In another indication of the botched handling of the webOS opportunity, it appears HP’s Enyo team – the group that would have looked after webOS’ HTML 5 application framework – is being moved to Google.
Having acquired Motorola Mobility and now this, Google intends to consolidate the vast advance of Android globally.
According to IDC research, more than eight out of 10 smartphones shipped during the first quarter were powered by iOS (23pc) and Android (59pc) operating systems.
Android finished the quarter as the overall leader among the mobile operating systems, accounting for more than half of all smartphone shipments.
The Verge has reported that the entire webOS HTML 5 application framework team known as Enyo is now working for Google. No doubt a key asset as HTML 5 becomes core to future mobile websites and apps.
Sadly, anyone old enough to remember the impact of Palm as a mobile productivity device and how it changed the game entirely in the 1990s and early 2000s have long come to the conclusion that HP’s botched handling of opportunities like the Palm Pre and TouchPad means the saga will just be a footnote in tech industry history.

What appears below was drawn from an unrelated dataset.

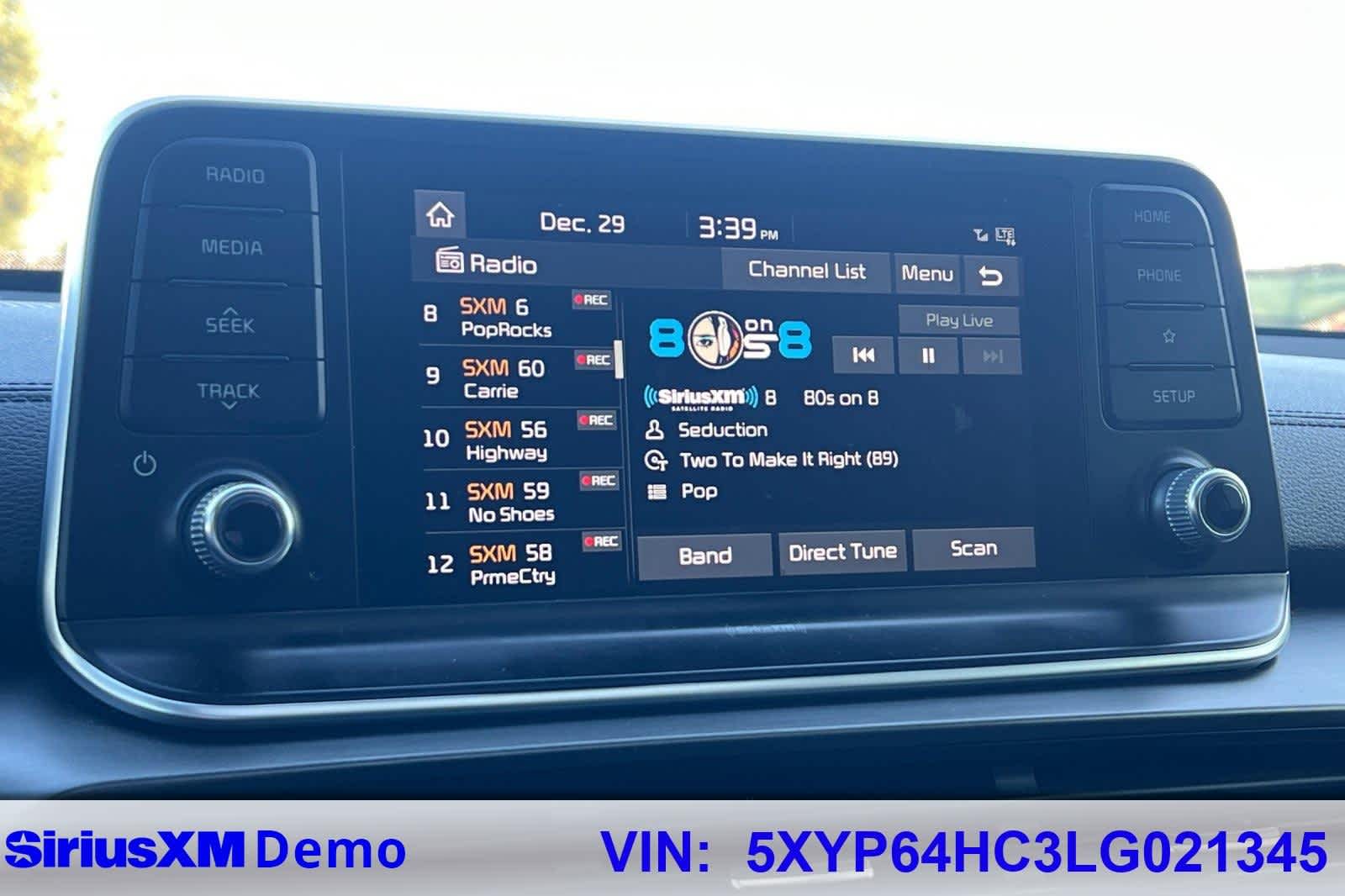 Thumbnail: 2020 Kia Telluride - 29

The very fact HP had even gone as far as considering selling off its PC division is an indicator of how strategically unfocused it became. An indicator indeed of poor morale and bad leadership at the time.
Google’s grabbing of the Enyo team can be considered strategic. HTML 5 is the future as far as mobile devices are concerned and it means Google may have stolen a march on Amazon, which is understood to have been sniffing around webOS.
Quintessentially, it means Google has gotten its hands on a talented team at a time when good developers and engineers are as rare as hen’s teeth.
Those gifted with expertise in HTML 5 applications framework can consider themselves the arms dealers of the smartphone revolution.